Feature #20163
openIntroduce #bit_count method on Integer
Description
This feature request is to implement a method called #bit_count on Integer that returns the number of ones in the binary representation of the absolute value of the integer.
n = 19
n.bit_count #=> 3
(-n).bit_count #=> 3
This is often useful when you use an integer as a bitmask and want to count how many bits are set.
This would be equivalent to
n.to_s(2).count("1")
However, this can be outperformed by
def bit_count(n)
  count = 0
  while n > 0
    n &= n - 1 # Flip the least significant 1 bit to 0
    count += 1
  end
  count
end
I think this would be a useful addition because it would fit alongside the other bit-related methods defined on integer: #bit_length, #allbits?, #anybits?, #nobits?. Also, when working with bitmasks, a minor upgrade to performance often results in a significant improvement.
Similar methods from other languages:
https://docs.python.org/3/library/stdtypes.html#int.bit_count
https://doc.rust-lang.org/std/primitive.i32.html#method.count_ones
        
          
          Updated by Eregon (Benoit Daloze) almost 2 years ago
          
          
        
        
      
      The name sounds too close to #bit_length, and length and count are often quite close in Ruby
(e.g. Enumerable#count without arguments is the same as #size/#length after Enumerable#to_a or on an Array, Hash, etc).
I think count_ones is a better name because there is no ambiguity.
popcount might be another common name for it, but that seems less clear unless the term or the assembly instruction is already known.
Also I think abbreviations are in general suboptimal in method names.
        
          
          Updated by shyouhei (Shyouhei Urabe) almost 2 years ago
          
          
        
        
      
      count_ones could be something different from what the OP wants, because (-19).bit_count is expected to be 3.

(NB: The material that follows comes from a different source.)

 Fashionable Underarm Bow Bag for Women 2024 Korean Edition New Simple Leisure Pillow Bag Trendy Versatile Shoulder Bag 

PS. i64::count_ones(-19) is 62 for Rust.
PPS. There is no such thing like a 64bit signed integer in ruby.
        
          
          Updated by nobu (Nobuyoshi Nakada) almost 2 years ago
          
          
        
        
      
      GCC has __builtin_popcount and Ruby defines rb_popcount function family internally.
        
          
          Updated by byroot (Jean Boussier) almost 2 years ago
          
          
        
        
      
      I also think popcount makes sense. Yes it's a bit of a cryptic name, but if you are dealing with bits, you are likely to be familiar with that name.
        
          
          Updated by nobu (Nobuyoshi Nakada) almost 2 years ago
          
          
        
        
      
      - Is duplicate of Feature #8748: Integer#popcount (Fixnum#popcount and Bignum#popcount) added
 
        
          
          Updated by garrison (Garrison Jensen) almost 2 years ago
          
          
        
        
      
      I like popcount but I also like count_ones because it sounds friendlier, however I have no strong preferences for the chosen name.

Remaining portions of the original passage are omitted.